The magnitude of the distribution range shifts that marcescent forests have undergone in response to past climate changes is still poorly understood. We currently ignore the biogeographic trajectories that co-occurring oak species inhabiting this ecotone experienced in response to climate changes during the Late Quaternary. This is partly because most studies aimed to delineate past distributional ranges are based on fossil pollen records that provide a broad depiction of plant communities but fail to distinguish between deciduous oak species17,18. Recent approaches based on species distribution modeling (SDM) can provide new insights to advance our understanding of the biogeographic past trajectories19,20,21. This is especially important to transiently co-occurring oak species at the boundary of two biogeographic regions in Southern Europe. This study aims to elucidate the late-Quaternary dynamics of the Temperate-Mediterranean transition in southern Europe by applying correlative SDMs to hindcast the past distribution of eighth oaks (seven marcescent and one deciduous) distributed across the Iberian Peninsula as model taxa. Specifically, we:

1. (i)

Applied correlative species distribution models to identify the main climatic factors determining the current distribution ranges for each studied species;

2. (ii)

Hindcasted projections of each species’ past distribution and quantify distribution range shifts in response to climate changes;

3. (iii)

Tracked the distribution shifts of oaks distributed across the submediterranean belt in the Iberian Peninsula based on the SDM's, and compare these shifts to those observed for temperate and mediterranea oak species; and

4. (iv)

Compared current and past distributional ranges of parental species with the known occurrence of hybrids to infer ancient contact zones and the persistence or turn-over of hybrid-species.

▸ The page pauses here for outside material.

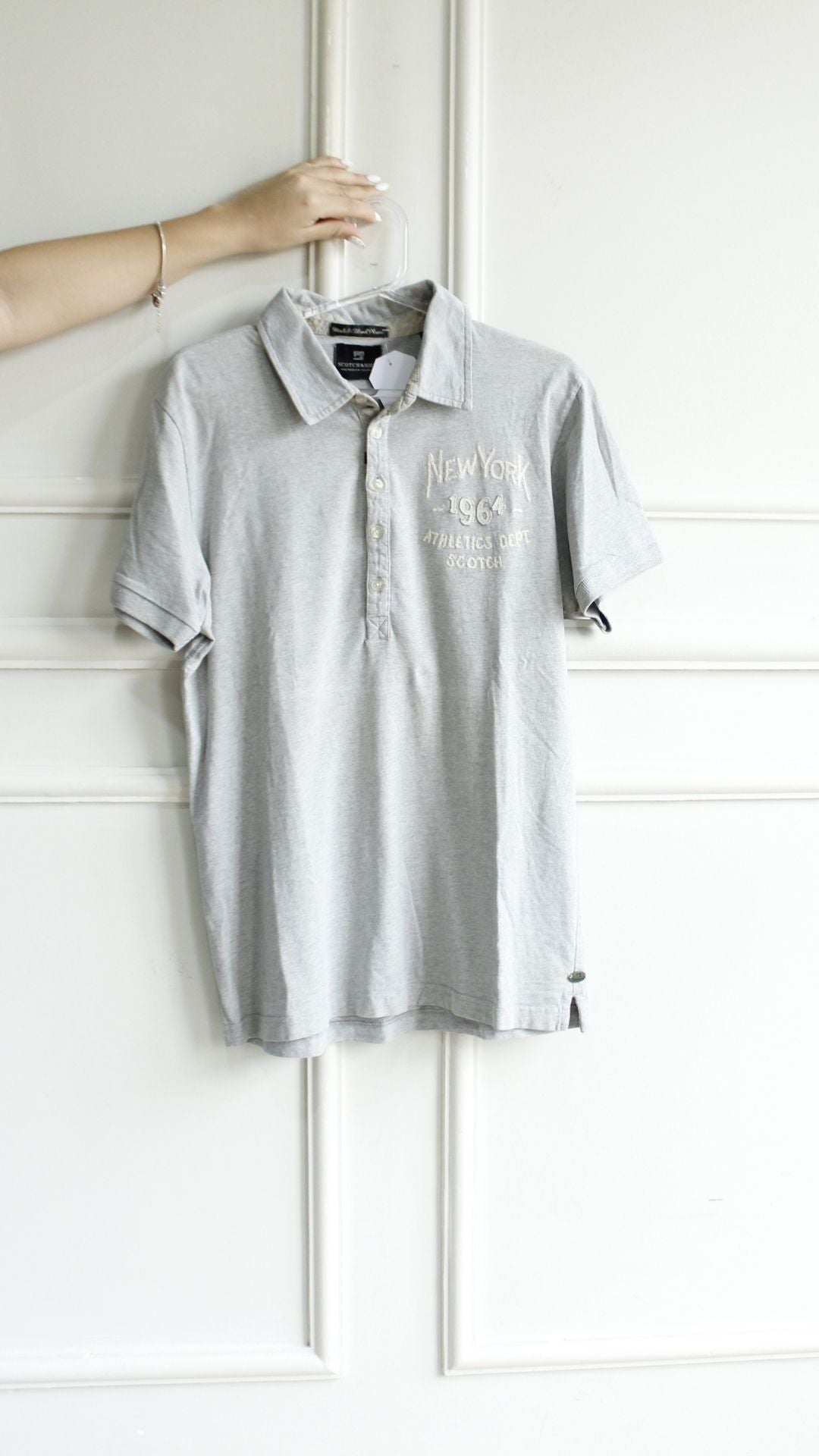 Remera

We further discuss the implications of our results for preserving the biodiversity of marcescent forests that occupy the Temperate-Mediterranean transition in southern Europe in the face of projected climate change.

## Results

### Model performance and selection of environmental predictors

Selected models showed high performance scores for all species (Table 1), especially for Quercus robur, Q. canariensis and their hybrids. Model performance values (for details see Material and Methods section: Modelling approach, model fitting and evaluation) show that the lowest TSS values (True skill statistic bounded between [-1, 1], with values closer to one depicting better models) corresponded to Q. faginea (0.79) and Q. broteroi (0.77) up to Q. robur (0.98) which shows overall good to excellent model performance. The AUC (Area Under the Curve: [0, 1], values closer to one depict better models) were always above 0.96, also suggesting an excellent performance of the models. In addition, sensitivity and specificity scores (bounded between [0, 100]) were always above 85, confirming good and well-balanced performance of the models.

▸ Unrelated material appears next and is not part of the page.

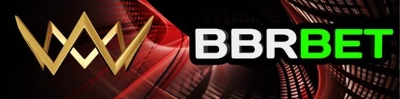 Royal pari sion - Tt77bet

Bioclimatic predictors showed the highest importance scores when compared to topographic ones (Supplementary Fig. S1). Exceptions were found for Q. faginea and Q. canariensis, for which the average topographic ruggedness index (TRI_AVG) was the most important variable. The contribution of variables related to the precipitation regime contributed the most to explain the present distribution of the focal species (Supplementary Fig. S1), especially the precipitation of the warmest quarter (BIO_18), the annual precipitation (BIO_12), and precipitation seasonality (BIO_15). Winter cold temperatures also held substantial explanatory power, especially the Annual mean temperature (BIO_01), the Mean Temperature of Coldest Quarter (BIO_11), and Isothermality (BIO_03).

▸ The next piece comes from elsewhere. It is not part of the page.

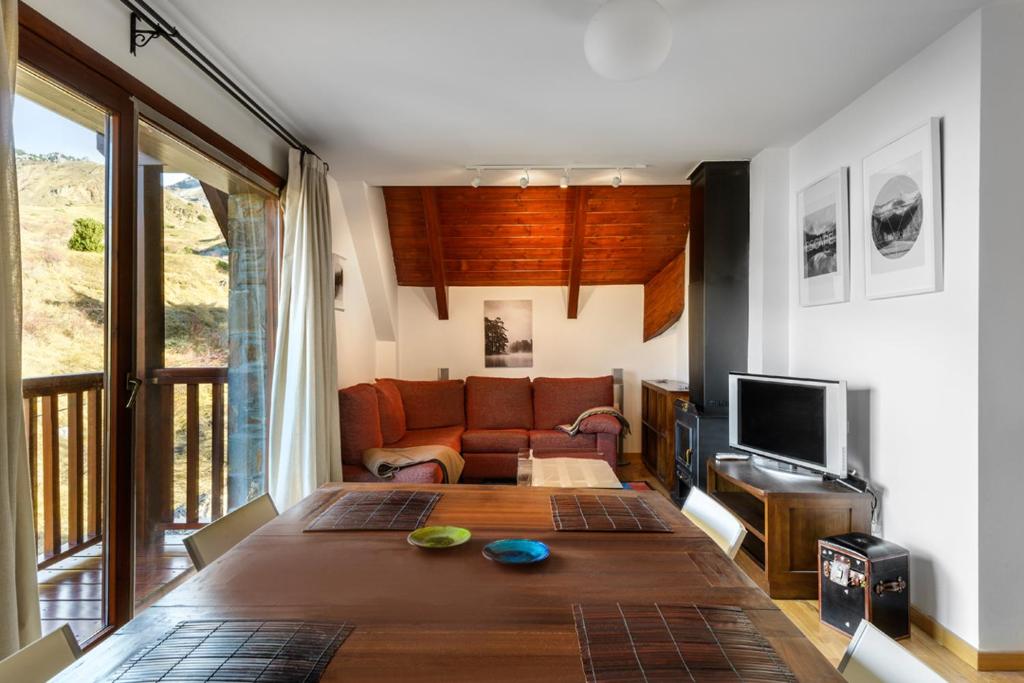 Apartamento Saliecho photo 3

### Changes in predicted distributions of marcescent oak species and their hybrids

When taking into account all taxa pat-present dynamics (Fig. 3a), we observed an average loss of suitable areas from the LGM to the present of ca. 25%, offset by an overall gains of ca. 38% while about 37% of the range remained stable. From the MH to the present, all selected oak species maintained 60% of their area, with ca. 16% of gains and ca. 23% of losses in terms of suitable area (Figs. 1, 2 and 3).

Considering taxonomic groups, we observed that subsection Galliferae species expanded 43% of their overall area from LGM to MH, with losses of ca. 23% and 34% of their range remaining stable (Figs. 2 and 4). Since the MH to the present, the range of these species remained stable for the most part (58%) (Figs. 1, 2, 3 and 4). Regarding roburoid oaks, they showed limited latitudinal shifts, while the overall extension of their distribution area remained generally stable (Figs. 2 and 3).

Regarding individual species, Quercus broteroi had an expansion of 52% from LGM to the present, expanding from southern basins and mountains, towards the Central Iberian Peninsula and the Northern basins. This species showed the highest stability in its distribution range from MH to the present (76%) (Figs. 2 and 3). In contrast, the distribution ranges of Q. canariensis contracted from LGM to the present (51%) with a fast-pace contraction from MH to present. Yet, this species experienced a notorious expansion of 39% towards the northeastern part of the Iberian Peninsula from LGM to MH (Figs. 1 and 3). Q. faginea had the highest range expansion from LGM to MH (70%), mainly from Southern and Eastern Iberian Peninsula to the Northern Mountains, Central System and both Douro and Tagus basins, while 50% of the distribution area remained generally stable from MH to the present. The distribution range of Q. lusitanica contracted 45% from LGM to MH followed by an expansion of 44% from MH to present (Figs. 1 and 3) when the species did not contract its distribution area. The distribution of Q. estremadurensis expanded (46%) from LGM to MH but ca. 40% of peripheral locations disappeared from MH to present. Finally, the distribution of Q. robur remained stable, particularly from the MH to the present (65%) (Figs. 2 and 3).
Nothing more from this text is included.